-- Given records follows --

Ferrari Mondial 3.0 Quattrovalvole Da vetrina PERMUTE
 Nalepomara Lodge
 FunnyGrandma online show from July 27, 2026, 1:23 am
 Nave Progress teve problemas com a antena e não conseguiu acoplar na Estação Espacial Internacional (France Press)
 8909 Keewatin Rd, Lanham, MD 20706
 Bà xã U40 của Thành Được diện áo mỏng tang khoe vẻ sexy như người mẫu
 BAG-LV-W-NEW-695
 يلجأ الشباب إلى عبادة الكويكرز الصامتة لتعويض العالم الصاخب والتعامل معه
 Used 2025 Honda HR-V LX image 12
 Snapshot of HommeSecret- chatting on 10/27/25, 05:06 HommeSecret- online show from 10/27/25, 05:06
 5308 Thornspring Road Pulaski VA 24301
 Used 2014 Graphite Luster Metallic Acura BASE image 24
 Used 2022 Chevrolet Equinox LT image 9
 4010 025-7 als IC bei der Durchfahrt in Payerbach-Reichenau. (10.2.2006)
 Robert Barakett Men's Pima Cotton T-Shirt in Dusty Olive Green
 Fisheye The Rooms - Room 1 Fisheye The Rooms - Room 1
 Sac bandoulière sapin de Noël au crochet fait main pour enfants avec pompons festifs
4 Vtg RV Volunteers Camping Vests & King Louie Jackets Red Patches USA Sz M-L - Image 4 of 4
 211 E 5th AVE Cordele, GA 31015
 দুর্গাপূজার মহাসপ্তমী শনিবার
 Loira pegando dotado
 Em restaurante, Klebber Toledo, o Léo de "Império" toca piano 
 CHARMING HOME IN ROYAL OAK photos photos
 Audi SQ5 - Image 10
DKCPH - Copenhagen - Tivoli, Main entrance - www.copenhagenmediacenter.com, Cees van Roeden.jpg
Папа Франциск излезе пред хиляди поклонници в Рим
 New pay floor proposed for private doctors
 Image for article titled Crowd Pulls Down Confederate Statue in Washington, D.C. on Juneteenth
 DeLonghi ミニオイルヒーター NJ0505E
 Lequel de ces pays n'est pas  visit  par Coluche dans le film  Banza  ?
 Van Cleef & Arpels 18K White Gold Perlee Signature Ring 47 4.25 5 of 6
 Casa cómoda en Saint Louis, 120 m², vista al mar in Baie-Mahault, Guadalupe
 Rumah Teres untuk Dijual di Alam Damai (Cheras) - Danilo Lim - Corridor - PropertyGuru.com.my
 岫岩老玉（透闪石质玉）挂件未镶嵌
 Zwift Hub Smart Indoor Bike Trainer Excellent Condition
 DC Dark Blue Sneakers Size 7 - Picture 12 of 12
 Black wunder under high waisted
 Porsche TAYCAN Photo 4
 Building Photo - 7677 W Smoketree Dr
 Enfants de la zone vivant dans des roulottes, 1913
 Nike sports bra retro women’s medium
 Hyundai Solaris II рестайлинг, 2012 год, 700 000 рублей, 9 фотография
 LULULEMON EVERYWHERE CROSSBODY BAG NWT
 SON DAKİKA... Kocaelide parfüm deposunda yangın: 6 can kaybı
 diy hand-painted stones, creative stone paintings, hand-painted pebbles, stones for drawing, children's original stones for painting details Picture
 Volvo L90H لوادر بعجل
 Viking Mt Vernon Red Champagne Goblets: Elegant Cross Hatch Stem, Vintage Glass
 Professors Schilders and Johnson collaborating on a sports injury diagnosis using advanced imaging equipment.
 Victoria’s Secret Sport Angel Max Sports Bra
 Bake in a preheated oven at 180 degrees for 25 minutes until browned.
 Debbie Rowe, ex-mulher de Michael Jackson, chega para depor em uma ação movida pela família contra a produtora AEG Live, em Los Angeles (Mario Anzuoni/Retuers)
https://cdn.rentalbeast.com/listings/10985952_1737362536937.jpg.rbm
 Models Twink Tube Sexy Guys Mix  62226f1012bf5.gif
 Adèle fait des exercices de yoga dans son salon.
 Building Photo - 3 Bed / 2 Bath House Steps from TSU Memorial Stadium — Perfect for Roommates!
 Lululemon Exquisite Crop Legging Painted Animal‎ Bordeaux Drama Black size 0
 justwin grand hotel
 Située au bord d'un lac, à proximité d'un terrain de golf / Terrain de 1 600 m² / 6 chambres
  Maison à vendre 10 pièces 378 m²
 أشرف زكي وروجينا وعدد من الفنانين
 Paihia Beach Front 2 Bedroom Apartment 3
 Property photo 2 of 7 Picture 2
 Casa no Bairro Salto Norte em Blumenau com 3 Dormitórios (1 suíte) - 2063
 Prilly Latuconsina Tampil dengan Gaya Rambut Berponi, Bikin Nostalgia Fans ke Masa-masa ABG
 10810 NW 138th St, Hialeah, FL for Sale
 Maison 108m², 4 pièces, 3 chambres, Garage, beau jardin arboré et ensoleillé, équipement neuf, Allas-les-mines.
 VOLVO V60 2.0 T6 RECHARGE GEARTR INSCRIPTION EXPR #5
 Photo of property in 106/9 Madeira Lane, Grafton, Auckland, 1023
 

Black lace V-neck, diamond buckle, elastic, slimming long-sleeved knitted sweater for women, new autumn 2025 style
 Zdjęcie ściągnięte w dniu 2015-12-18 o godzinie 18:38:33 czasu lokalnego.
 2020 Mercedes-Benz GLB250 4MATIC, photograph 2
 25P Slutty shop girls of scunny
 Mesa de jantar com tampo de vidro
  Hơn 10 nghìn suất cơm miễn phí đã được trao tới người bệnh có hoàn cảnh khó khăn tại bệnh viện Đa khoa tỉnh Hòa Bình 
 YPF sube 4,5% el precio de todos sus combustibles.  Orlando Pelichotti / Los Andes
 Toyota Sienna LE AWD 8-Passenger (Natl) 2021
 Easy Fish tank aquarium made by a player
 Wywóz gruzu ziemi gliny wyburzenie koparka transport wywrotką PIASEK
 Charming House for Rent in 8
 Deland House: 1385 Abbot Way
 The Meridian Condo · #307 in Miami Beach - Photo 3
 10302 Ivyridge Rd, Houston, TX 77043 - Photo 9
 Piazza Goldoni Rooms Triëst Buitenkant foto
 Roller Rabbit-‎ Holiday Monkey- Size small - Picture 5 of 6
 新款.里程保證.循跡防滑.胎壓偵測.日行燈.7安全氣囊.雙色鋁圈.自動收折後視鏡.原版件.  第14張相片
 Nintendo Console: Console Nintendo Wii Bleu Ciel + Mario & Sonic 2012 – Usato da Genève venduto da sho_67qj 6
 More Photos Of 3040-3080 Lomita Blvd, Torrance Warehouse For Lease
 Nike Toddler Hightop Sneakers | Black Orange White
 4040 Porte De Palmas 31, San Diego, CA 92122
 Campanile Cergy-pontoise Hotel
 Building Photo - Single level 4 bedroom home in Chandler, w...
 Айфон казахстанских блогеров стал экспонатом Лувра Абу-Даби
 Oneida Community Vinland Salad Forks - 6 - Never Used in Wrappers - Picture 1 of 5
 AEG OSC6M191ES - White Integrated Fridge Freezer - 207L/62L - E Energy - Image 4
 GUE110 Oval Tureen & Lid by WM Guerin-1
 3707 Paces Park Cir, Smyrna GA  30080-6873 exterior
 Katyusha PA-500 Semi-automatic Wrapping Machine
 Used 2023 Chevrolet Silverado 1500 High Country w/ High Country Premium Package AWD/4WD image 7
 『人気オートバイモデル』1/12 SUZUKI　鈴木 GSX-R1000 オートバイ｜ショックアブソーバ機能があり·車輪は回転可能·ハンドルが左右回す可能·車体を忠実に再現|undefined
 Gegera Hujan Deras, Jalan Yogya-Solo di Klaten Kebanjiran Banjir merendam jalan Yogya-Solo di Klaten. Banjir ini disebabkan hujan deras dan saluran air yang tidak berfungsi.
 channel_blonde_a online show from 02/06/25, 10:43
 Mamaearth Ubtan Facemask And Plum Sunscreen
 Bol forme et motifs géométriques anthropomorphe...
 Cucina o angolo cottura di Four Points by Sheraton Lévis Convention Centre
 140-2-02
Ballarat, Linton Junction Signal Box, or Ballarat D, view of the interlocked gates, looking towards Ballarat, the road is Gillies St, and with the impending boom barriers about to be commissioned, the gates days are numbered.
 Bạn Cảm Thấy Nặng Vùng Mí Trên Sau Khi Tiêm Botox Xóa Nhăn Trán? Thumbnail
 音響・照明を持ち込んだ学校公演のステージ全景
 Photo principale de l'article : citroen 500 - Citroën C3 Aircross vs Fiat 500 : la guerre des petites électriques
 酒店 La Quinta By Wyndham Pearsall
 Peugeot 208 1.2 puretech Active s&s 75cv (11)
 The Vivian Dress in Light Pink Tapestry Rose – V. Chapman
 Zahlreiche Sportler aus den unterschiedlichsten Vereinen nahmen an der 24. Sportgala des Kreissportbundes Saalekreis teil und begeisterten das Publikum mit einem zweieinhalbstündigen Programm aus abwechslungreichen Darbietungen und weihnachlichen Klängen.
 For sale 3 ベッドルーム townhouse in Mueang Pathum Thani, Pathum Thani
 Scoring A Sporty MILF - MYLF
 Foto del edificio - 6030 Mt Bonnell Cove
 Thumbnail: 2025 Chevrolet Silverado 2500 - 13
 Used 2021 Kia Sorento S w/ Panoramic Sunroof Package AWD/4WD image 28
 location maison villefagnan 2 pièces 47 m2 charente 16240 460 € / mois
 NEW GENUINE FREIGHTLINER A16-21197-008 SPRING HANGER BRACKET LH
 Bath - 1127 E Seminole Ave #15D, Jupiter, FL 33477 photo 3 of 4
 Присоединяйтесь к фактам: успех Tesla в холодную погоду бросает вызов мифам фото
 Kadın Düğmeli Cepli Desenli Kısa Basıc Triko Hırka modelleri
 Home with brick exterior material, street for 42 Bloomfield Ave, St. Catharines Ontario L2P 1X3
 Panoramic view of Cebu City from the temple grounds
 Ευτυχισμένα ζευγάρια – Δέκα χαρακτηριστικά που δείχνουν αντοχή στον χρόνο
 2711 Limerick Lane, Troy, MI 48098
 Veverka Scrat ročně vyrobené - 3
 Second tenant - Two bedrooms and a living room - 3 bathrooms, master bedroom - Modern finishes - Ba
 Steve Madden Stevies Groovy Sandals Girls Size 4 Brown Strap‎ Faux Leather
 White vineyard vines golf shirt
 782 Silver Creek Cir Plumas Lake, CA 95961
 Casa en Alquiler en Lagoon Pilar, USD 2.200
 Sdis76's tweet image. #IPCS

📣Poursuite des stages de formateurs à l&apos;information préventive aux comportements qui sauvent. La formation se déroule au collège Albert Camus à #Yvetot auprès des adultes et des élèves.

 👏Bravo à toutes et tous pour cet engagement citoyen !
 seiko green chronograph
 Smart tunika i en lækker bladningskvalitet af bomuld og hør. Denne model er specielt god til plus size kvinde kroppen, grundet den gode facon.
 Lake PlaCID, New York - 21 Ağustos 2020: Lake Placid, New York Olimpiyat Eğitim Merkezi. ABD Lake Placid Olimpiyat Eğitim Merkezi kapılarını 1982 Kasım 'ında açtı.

-- Given records concluded --

* Instructions to follow *
Keep to the lines above, from the first one through the line where "4 Vtg RV Volunteers" appears, and copy them exactly.

* Exercise result *
Ferrari Mondial 3.0 Quattrovalvole Da vetrina PERMUTE
 Nalepomara Lodge
 FunnyGrandma online show from July 27, 2026, 1:23 am
 Nave Progress teve problemas com a antena e não conseguiu acoplar na Estação Espacial Internacional (France Press)
 8909 Keewatin Rd, Lanham, MD 20706
 Bà xã U40 của Thành Được diện áo mỏng tang khoe vẻ sexy như người mẫu
 BAG-LV-W-NEW-695
 يلجأ الشباب إلى عبادة الكويكرز الصامتة لتعويض العالم الصاخب والتعامل معه
 Used 2025 Honda HR-V LX image 12
 Snapshot of HommeSecret- chatting on 10/27/25, 05:06 HommeSecret- online show from 10/27/25, 05:06
 5308 Thornspring Road Pulaski VA 24301
 Used 2014 Graphite Luster Metallic Acura BASE image 24
 Used 2022 Chevrolet Equinox LT image 9
 4010 025-7 als IC bei der Durchfahrt in Payerbach-Reichenau. (10.2.2006)
 Robert Barakett Men's Pima Cotton T-Shirt in Dusty Olive Green
 Fisheye The Rooms - Room 1 Fisheye The Rooms - Room 1
 Sac bandoulière sapin de Noël au crochet fait main pour enfants avec pompons festifs
4 Vtg RV Volunteers Camping Vests & King Louie Jackets Red Patches USA Sz M-L - Image 4 of 4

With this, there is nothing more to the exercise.